Importance of Recalibrating Corporate Governance and Structure During Growth Stages
Founders, as you ponder the direction of your company in 2026, are you confident that your business is structured for where it’s going rather than where it started?
We are born into the world with the instinct to survive. Businesses start the same way. The focus is on survival from the first corporate breath. Speed matters. Quick decisions are imperative. Corporate structure is a secondary concern. Founders rely on what gets the company up and running the fastest and whatever works in the moment to move the company forward. Perfectly normal and understandable.
But, has your company outgrown its original structure? From the outside, your company may look bigger and stronger, yet it is operating from the same foundational setup that supported a much smaller enterprise. I see this come up most often when a company starts talking to investors or preparing for a potential exit. Early on, the ownership structure made sense when everyone was contributing, things were moving fast, and getting started mattered more than getting everything perfect.

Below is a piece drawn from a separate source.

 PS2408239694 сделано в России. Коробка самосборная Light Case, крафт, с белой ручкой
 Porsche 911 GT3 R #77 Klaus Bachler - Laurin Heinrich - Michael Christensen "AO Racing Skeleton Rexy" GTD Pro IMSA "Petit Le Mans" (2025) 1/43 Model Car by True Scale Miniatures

The company was formed quickly, with the idea that the details could be cleaned up later. But later arrives at an inconvenient time. Suddenly, an investor asks why equity doesn’t line up with current roles, or why someone who hasn’t been involved in years still owns a meaningful percentage of the company. Or a buyer wants to understand the corporate structure and discovers an entity that was fine for a scrappy startup, but creates tax, governance, or liability issues at scale. What were once temporary decisions such as a handshake understanding, a rushed formation, or an early shortcut quietly become permanent simply because the business kept growing. And by the time those issues surface, they’re no longer theoretical. They affect valuation, timing, and leverage in very real ways.
Strong companies don’t just grow. They periodically recalibrate. You don’t need to rebuild everything. But ignoring structure entirely is how small gaps turn into real friction later, especially when growth, new investors, or exit scenarios enter the picture.
With the new year upon us, this is a great time for founders to consider in what ways their business needs recalibrating.